羽田発着枠配分に各社要望-吉田副大臣「地方側の努力、提案求める」

  • 2012年8月23日

 国土交通省は8月22日、「第2回羽田発着枠配分基準検討小委員会」を開催し、本邦6航空会社と全国空港建設整備促進協議会からのヒアリングを実施した。同委員会は、2013年夏期スケジュールを目標に1日25便拡大する羽田空港の国内線発着枠の配分について検討するもの。各社は第1回の委員会であげられた論点を踏まえ、経営計画や産業発展、需要拡大、地方路線対応など、多様な観点で発着枠の配分に対する考え方やスロットの獲得に対する要望を述べた。

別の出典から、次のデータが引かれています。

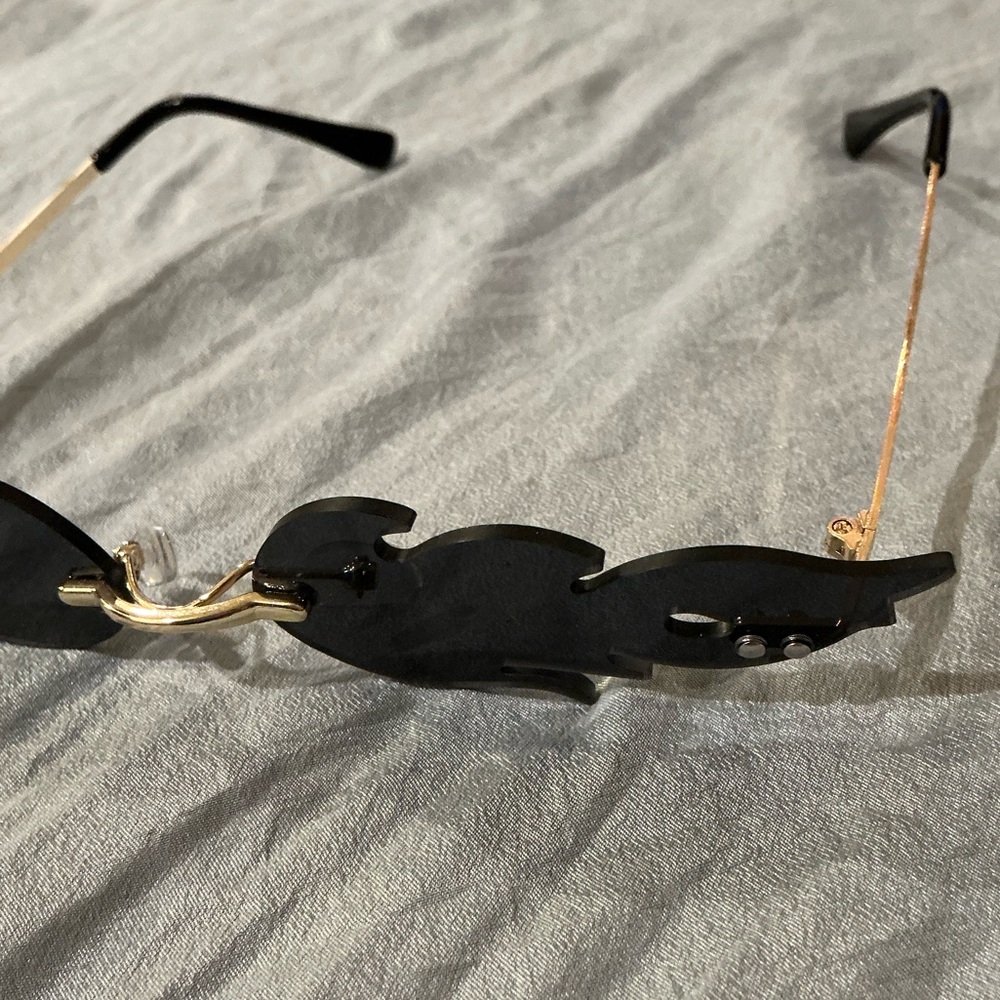 Black Flame Sunglasses perfect for rave - Picture 2 of 5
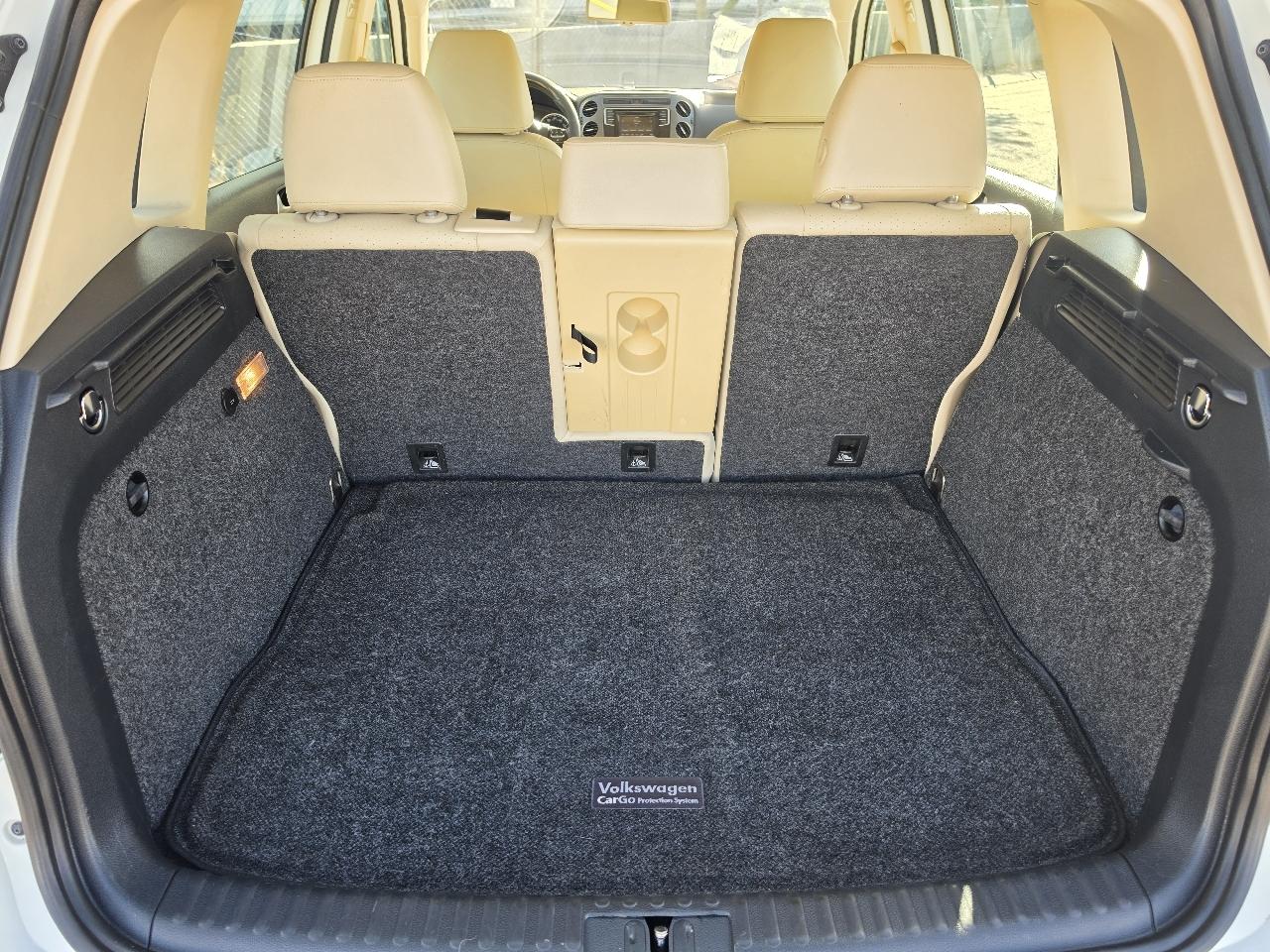Volkswagen Tiguan SE 2016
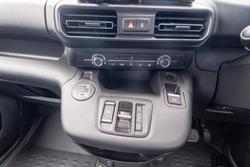 2024 Peugeot Partner Pro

 前回の委員会では配分基準の論点として、国民の財産としての有効活用をめざし幅広い観点での検討が求められた。さらに今回、国土交通副大臣の吉田おさむ氏は冒頭の挨拶で「各地域が路線開設後、どのように力を付け、活性化していくかという視点もポイント」との考えを示した。

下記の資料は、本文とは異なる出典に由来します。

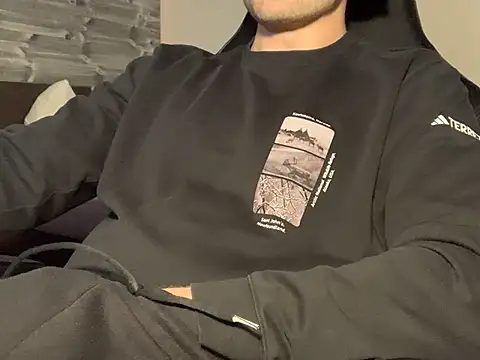 Snapshot of taallguyy_196 chatting on 03-12-25, 06:00 taallguyy 196 online show from 03-12-25, 06:00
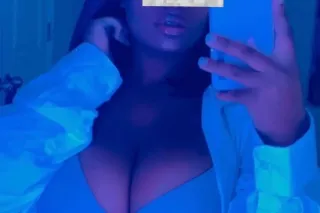 Juicy Curvy BBW 🍑🍯Brownskin Voluptuous beauty ✨| WAP 💦😍| $80 Qv carmeets |No Outcalls| Read Below - Image 5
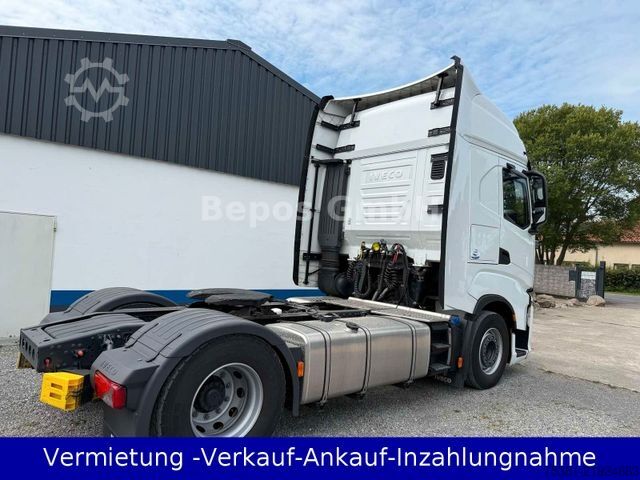 Standard tractor unit IVECO S-Way AS440 ST/P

 そのため、吉田氏は各社のヒアリング後、「地方路線について、航空会社として成り立たせるための視点は事業者として大切だが、就航先の自治体とも話をしているか」と言及。「地域に観光や産業、地域の雇用がどれくらい増えるか、配分する25枠にはその視点がなくてはならない」と強調し、「地方自治体や各空港は航空会社に(就航を)望むだけでなく、地域側の努力、提案もほしい」と要望した。

 ヒアリングで各社が述べた主な意見は以下の通り。

 

▽新規航空会社の優遇枠、産業政策・競争促進

 スカイネットアジア航空(LQ)とスターフライヤー(7G)は、論点の1つとなっていた新規航空会社に対する優先配分について、従来通りの実施を要望。両社とも「保有機材数12機以下が新規航空会社」との考えを示し、「大手航空会社との枠数格差是正が必要不可欠」(LQ代表取締役社長・高橋洋氏)、「経営基盤の目安となる保有機材数12機程度の事業規模拡大を目的とした配分が最優先」(7G代表取締役社長・米原愼一氏)と主張した。具体的にLQは6枠から8枠程度、7Gは10便の優先枠を要望した。

 一方、保有機数が11機のエア・ドゥ(HD)は、機材数の増加を予定していることもあり、新規航空会社の優遇枠の維持に対する要望はなかった。ただし、羽田の発着枠の方面別管理に触れ「北方面の出発回数が最も制限されている」(HD代表取締役社長・齋藤貞夫氏)として再検討を促した。具体的には「羽田/北海道路線における便数シェアで約30%を確保できる規模の9便程度」を希望した。